Il terzo e clamoroso buco investigativo è nell’opposizione dichiarata di Angelo Vassallo alla costruzione di 200 villette sull’ultimo lembo di spiaggia di Montecorice ad opera di un imprenditore nolano, ritenuto dagli investigatori fin dagli anni Novanta legato al boss Carmine Alfieri. La circostanza fu ampiamente documentata e illustrata nella trasmissione televisiva “Presa diretta” ad appena un mese dall’omicidio del sindaco. Il progetto di Montecorice è naufragato perché, dopo decenni, il Consiglio di Stato lo ha cancellato dalla previsione urbanistica del piano regolatore.

Tutto però è finito nell’inchiesta con la causale dell’omicidio legata allo spaccio di droga, denunciato dal sindaco, come motivo scatenante dell’omicidio e condito dal presunto depistaggio di un alto ufficiale dell’Arma.

 

Il processo mediatico

 

La giornata di ieri davanti al giudice per l’udienza preliminare promette di avere qualcosa di speciale, perché è la giornata dove il protagonismo di alcuni circoli mediatici, ai quali non sono estranei gli stessi magistrati,  tendono alla costruzione di verità alternative, mediante la propalazione di elementi non sottoposti a valutazione. Tanto da far archiviare

il principio costituzionale della presunzione di innocenza, principio costituzionale  più da tutelare quando è in gioco un processo con rappresentanti dello Stato imputati di reati così gravi.

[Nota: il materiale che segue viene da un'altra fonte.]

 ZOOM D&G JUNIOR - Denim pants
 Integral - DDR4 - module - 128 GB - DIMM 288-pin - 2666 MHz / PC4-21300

Benvenuto “bavaglio” all’informazione se i pm che si preoccupano davvero della libertà di stampa non si ricordano che la priorità è difendersi dalla libertà di sputtanamento.

 

Il processo Vassallo oscilla tra oscenità del circo mediatico-giudiziario e dolore dei familiari, in quel populismo giudiziario alimentato da comunicazioni delle forze dell’ordine dove una lunga  parte in cui alle persone arrestate o indagate viene addebitata una serie di reati, con ricostruzione del contesto in cui sono stati commessi, e poi una parte conclusiva, molto breve, in cui si sottolinea che “il procedimento si trova nella fase delle indagini preliminari” e che quindi la colpevolezza dei soggetti coinvolti “dovrà essere accertata in sede di processo nel contraddittorio tra le parti”.  Una postilla grottesca al termine di un comunicato che non lascia spazio a dubbi sulla colpevolezza delle persone.

Ora si riprenderà il processo: il 12 dicembre prossimo la nuova udienza preliminare; il 16 gennaio 2026 il processo con rito abbreviato richiesto dall’imputato di Romolo Ridosso.